▶ _SOURCE MATERIAL_:
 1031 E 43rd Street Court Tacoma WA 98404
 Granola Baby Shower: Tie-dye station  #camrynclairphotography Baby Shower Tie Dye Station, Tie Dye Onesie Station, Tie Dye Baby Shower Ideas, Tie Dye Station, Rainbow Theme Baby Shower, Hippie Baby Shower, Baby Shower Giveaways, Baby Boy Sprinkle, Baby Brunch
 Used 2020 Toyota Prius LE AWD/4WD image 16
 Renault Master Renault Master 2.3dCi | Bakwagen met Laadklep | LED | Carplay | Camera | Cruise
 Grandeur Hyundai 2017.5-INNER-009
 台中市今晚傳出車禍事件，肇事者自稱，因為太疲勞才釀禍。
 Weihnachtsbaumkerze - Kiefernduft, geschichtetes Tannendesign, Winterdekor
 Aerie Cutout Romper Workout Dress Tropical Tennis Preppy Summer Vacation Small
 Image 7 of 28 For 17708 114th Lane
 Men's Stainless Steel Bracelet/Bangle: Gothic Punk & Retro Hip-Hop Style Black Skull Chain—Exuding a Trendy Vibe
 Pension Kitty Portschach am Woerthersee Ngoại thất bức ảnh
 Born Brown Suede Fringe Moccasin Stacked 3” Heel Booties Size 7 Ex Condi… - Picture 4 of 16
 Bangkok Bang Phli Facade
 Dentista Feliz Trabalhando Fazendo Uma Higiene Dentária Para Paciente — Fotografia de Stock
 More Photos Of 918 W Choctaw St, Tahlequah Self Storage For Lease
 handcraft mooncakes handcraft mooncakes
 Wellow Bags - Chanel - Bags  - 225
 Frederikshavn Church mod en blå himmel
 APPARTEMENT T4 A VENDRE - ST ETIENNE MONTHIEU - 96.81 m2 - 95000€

▶ _ACTIVITY_:
Within the data above, the lines from the one with "Grandeur Hyundai 2017.5-INNER-009" to the one with "Image 7 of 28 For 17708 114th Lane" must be repeated exactly; no other line belongs in the answer.

▶ _TASK OUTPUT_:
 Grandeur Hyundai 2017.5-INNER-009
 台中市今晚傳出車禍事件，肇事者自稱，因為太疲勞才釀禍。
 Weihnachtsbaumkerze - Kiefernduft, geschichtetes Tannendesign, Winterdekor
 Aerie Cutout Romper Workout Dress Tropical Tennis Preppy Summer Vacation Small
 Image 7 of 28 For 17708 114th Lane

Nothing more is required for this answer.